Sidoarjo, Pointernews.id | 21 Juni 2025 — Sejumlah kader PDI Perjuangan dari Kabupaten Sidoarjo melakukan ziarah ke Makam Bung Karno di Kota Blitar pada Sabtu (21/6). Ziarah ini menjadi puncak acara rangkaian peringatan Haul ke-55 wafatnya Presiden Pertama Republik Indonesia, Ir. Soekarno, yang telah digelar sejak 20 Juni 2025.
Rombongan kader yang hadir berasal dari berbagai unsur, mulai dari pengurus struktural DPC, anggota Fraksi PDI Perjuangan DPRD Kabupaten Sidoarjo, hingga simpatisan partai. Kegiatan ziarah ini dilakukan sebagai bentuk penghormatan sekaligus peneguhan semangat juang terhadap nilai-nilai perjuangan Bung Karno.
Ketua Fraksi PDI Perjuangan DPRD Kabupaten Sidoarjo, Tarkit Erdianto, menegaskan bahwa ziarah ke makam Bung Karno bukan sekadar tradisi, tetapi momentum untuk merefleksikan dan meneladani perjuangan sang proklamator dalam kehidupan berbangsa dan bernegara.
“Ziarah ini adalah cara kami untuk meneladani nilai-nilai perjuangan Bung Karno—nilai kebangsaan, keberanian, dan cinta tanah air. Kami ingin menjadikannya sebagai inspirasi dalam mengabdi kepada rakyat dan negara,” ujar Tarkit.
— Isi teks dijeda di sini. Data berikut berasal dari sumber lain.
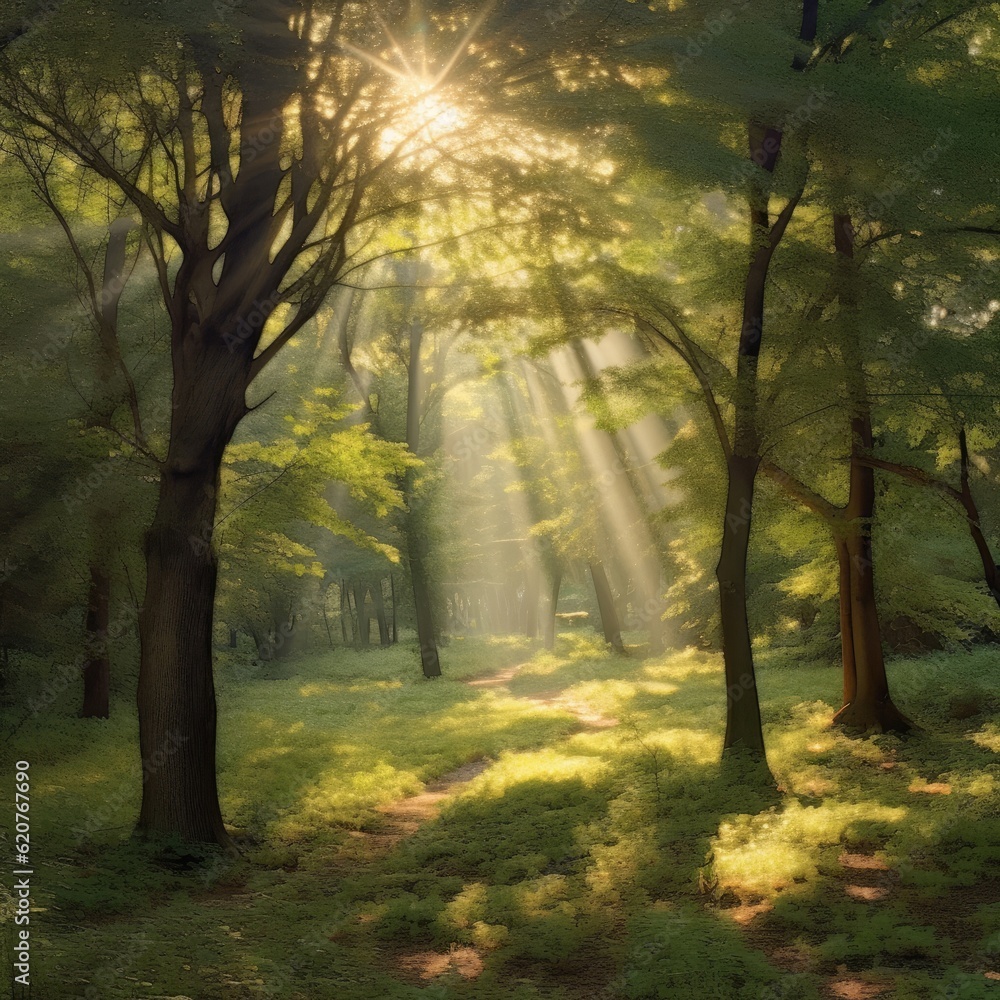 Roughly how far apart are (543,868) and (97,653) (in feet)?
31.9

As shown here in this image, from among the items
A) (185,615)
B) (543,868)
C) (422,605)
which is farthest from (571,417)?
(543,868)

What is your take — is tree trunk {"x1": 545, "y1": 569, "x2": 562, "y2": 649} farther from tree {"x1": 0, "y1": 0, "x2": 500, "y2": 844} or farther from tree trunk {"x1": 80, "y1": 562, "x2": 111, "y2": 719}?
tree {"x1": 0, "y1": 0, "x2": 500, "y2": 844}

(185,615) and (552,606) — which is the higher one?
(185,615)

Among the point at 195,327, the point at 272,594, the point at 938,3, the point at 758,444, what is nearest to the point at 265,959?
the point at 195,327

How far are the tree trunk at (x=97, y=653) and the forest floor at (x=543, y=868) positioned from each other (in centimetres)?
63

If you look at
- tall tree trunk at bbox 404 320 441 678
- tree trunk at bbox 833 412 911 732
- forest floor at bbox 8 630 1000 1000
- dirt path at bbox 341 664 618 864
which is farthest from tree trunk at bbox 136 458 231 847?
tall tree trunk at bbox 404 320 441 678

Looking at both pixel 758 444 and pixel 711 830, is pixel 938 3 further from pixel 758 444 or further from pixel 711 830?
pixel 711 830

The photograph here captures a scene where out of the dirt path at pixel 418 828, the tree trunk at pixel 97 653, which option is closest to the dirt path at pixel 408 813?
the dirt path at pixel 418 828

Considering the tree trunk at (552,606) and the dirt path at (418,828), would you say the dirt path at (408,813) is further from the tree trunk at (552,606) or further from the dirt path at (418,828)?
the tree trunk at (552,606)

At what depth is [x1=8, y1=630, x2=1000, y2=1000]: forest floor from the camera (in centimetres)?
579

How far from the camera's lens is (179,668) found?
29.3 ft

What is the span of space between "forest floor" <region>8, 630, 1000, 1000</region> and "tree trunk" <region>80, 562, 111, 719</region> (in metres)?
0.63

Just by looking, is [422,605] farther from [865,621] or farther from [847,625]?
[865,621]

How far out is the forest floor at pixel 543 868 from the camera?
579 cm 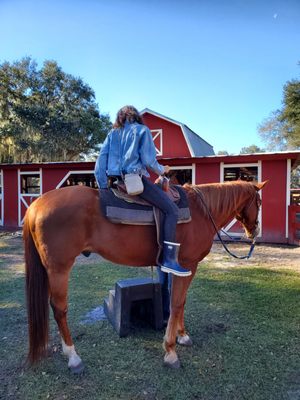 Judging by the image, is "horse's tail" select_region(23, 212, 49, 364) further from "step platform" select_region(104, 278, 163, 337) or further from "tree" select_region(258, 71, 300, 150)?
"tree" select_region(258, 71, 300, 150)

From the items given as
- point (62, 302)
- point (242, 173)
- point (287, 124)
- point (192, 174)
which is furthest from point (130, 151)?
point (287, 124)

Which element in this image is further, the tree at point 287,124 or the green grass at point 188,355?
the tree at point 287,124

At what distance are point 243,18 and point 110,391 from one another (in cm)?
795

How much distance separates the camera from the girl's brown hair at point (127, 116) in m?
2.54

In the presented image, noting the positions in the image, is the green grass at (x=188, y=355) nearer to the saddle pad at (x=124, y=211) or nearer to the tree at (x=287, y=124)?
the saddle pad at (x=124, y=211)

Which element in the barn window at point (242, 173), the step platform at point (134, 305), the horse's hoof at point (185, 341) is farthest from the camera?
the barn window at point (242, 173)

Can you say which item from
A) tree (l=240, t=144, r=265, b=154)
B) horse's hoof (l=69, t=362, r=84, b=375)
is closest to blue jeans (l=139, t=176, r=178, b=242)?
horse's hoof (l=69, t=362, r=84, b=375)

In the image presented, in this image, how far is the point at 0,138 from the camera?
1975 cm

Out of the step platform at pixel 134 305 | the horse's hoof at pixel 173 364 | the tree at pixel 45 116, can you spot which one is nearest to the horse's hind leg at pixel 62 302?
the step platform at pixel 134 305

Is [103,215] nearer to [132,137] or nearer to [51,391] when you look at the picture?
[132,137]

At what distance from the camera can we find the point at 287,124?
87.0 ft

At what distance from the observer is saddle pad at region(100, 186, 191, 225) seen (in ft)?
7.94

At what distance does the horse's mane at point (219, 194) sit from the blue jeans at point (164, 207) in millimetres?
466

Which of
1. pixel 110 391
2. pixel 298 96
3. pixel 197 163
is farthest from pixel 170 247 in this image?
pixel 298 96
Hal senada juga disampaikan oleh anggota Fraksi PDI Perjuangan lainnya, Hj. Kasipah, yang turut hadir dalam rombongan. Menurutnya, semangat Bung Karno yang berpihak kepada wong cilik, menjunjung kemandirian bangsa, dan berani melawan ketidakadilan adalah warisan yang tak lekang oleh waktu.
“Nilai-nilai Bung Karno tentang keberpihakan kepada rakyat kecil dan keberanian menghadapi ketidakadilan harus terus kita hidupkan, terutama di tengah berbagai tantangan hari ini,” ucapnya dengan semangat.
Setelah ziarah, para kader juga menyempatkan diri mampir ke Kampung Coklat, sebuah destinasi wisata edukatif yang ada di Blitar. Kunjungan ini menjadi sarana mempererat kebersamaan sekaligus mengenal lebih dekat potensi lokal yang dapat menginspirasi pemberdayaan ekonomi berbasis kerakyatan.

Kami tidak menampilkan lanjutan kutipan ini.